Такое отождествление жизни с литературным произведением восходит к пушкинскому «Евгению Онегину»:
Блажен, кто праздник жизни рано Оставил, не допив до дна Бокала полного вина, Кто не дочел ее романа И вдруг умел расстаться с ним, Как я с Онегиным моим. (VIII. LI. 9–14)«Поэт, — пишет Ю. Лотман, — который на протяжении всего произведения выступал перед нами в противоречивой роли автора и творца, созданием которого, однако, оказывается не литературное произведение, а нечто прямо ему противоположное — кусок живой Жизни, вдруг предстает перед нами как читатель, т. е. человек, связанный с текстом. Но здесь текстом оказывается Жизнь» [234] .
Набоков в «Даре» создает три ипостаси одного персонажа: автор(текста) — творец(жизни) — читатель; но ипостаси пародийные.
234
Лотман Ю.В школе поэтического слова: Пушкин. Лермонтов. Гоголь. М., 1988. С. 107.
Повествование «Дара» составляют не только различные тексты, но и сам процесс их создания. И если в романных биографиях традиционная темпоральная координата отброшена, то в описании творческого процесса она традиционно сохранена, но не как историческая аттестация, а как показатель последовательности развития культуры, репетитивности ее этапов и бесконечности этой репетитивности. Творческий процесс в романе воспроизведен не только как создание отдельного произведения, но как модель законченного периода единого культурологического ряда.
Он прослеживается поступенчато, начиная от зарождения художественного текста. Примеров таких в романе множество, в частности, начало главы III, утро, пробуждение героя.

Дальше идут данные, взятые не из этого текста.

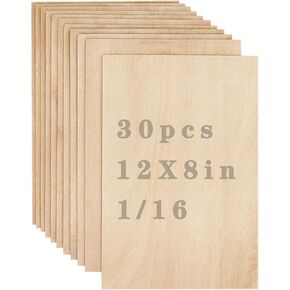 Unfinished Wood Pieces,30Pcs Basswood Sheets 12 x 8 Inch 1/16,Thin Plywood Wood Sheets for Crafts,Perfect for DIY Projects, Painting, Drawing, Laser, Wood Engraving, Wood Burning and CNC Cutting in Saudi Arabia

Годунов-Чердынцев воспринимает окружающий мир на звуковом уровне:
«Каждое утро, в начале девятого, один и тот же звук за тонкой стеной, в аршине от его виска, выводил его из дремоты. Это был чистый, круглодонный звон стакана, ставимого обратно на стеклянную полочку; после чего хозяйская дочка откашливалась. Потом был прерывистый треск вращающегося валика, потом — спуск воды, захлебывающейся, стонущей и вдруг пропадавшей, потом — загадочный вой ванного крана, превращавшийся наконец в шорох душа. Звякала задвижка, мимо двери удалялись шаги…».

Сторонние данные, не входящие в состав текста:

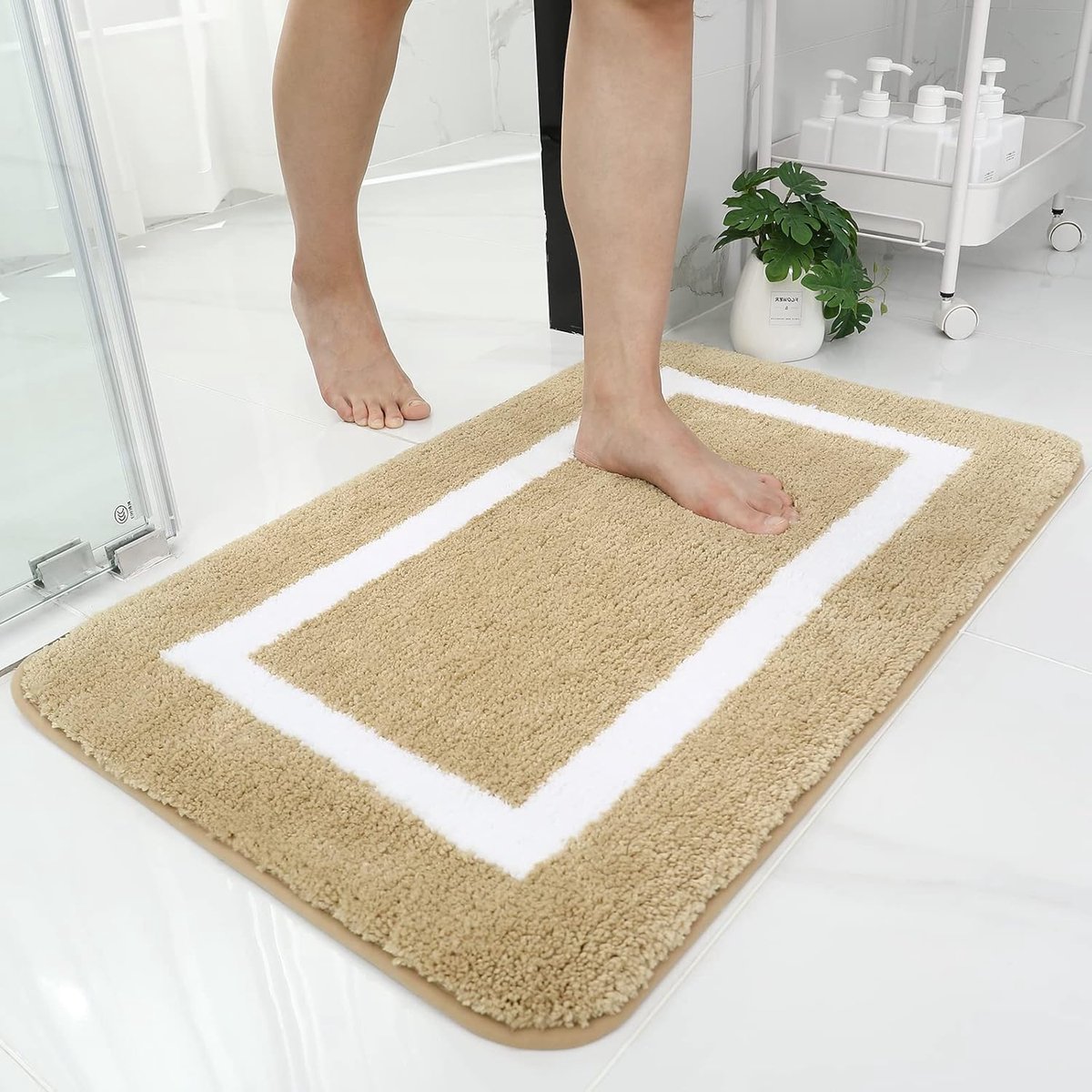 Badkamertapijt, badmat, antislip, wasbaar, badtapijt, zachte microvezel, hoogpolig badvoorlegger – 60 x 90 cm, beige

(с. 165)Далее эти внешние звуки постепенно организуются в поэтический текст. Стихи возникают из размышлений, мечтаний:
«Он был исполнен блаженнейшего чувства: это был пульсирующий туман, вдруг начинавший говорить человеческим голосом. Лучше этих мгновений ничего не могло быть на свете. Люби лишь то, что редкостно и мнимо, что крадется окраинами сна, что злит глупцов, что смердами казнимо; как родине, будь вымыслу верна».
(с. 175–176)Следующий этап — постепенное вытеснение из текста художественного идеологическим, пример — деятельность Н. Г. Чернышевского:
«Пойми, штукарь, пойми, арабесник, что „сила искусства есть сила общих мест“ и больше ничего. Для критики „всего интереснее, какое воззрение выразилось в произведении писателя“».
(с. 268) [235]Роман регистрирует переход художественной литературы в иное качество — литературу политическую: «По выражению Страннолюбского, от толчка, данного Добролюбовым, литература покатилась по наклонной плоскости с тем неизбежным окончанием, когда, докатившись до нуля, она берется в кавычки: студент привез „литературу“» (с. 290). И — ее утверждение: «Политическая литература» — высшая литература, — записывает Чернышевский (с. 283).
235
Эта мысль повторяется и в высказываниях современных критиков в романе:
«Собственно, совершенно неважно (пишет Мортус. — Н. Б.), удачно ли или нет произведение Годунова-Чердынцева […] Вопрос, мне кажется, совсем в другом. Безвозвратно прошло то золотое время, когда критика или читателя могло в первую очередь интересовать „художественное“ качество или точная степень талантливости книги. Наша литература, — я говорю о настоящей, „несомненной“ литературе, — люди с безошибочным вкусом меня поймут, — сделалась проще, серьезнее, суше, — за счет искусства, может быть, но зато […] зазвучала такой печалью […] что, право же, не стоит жалеть о „скучных песнях земли“».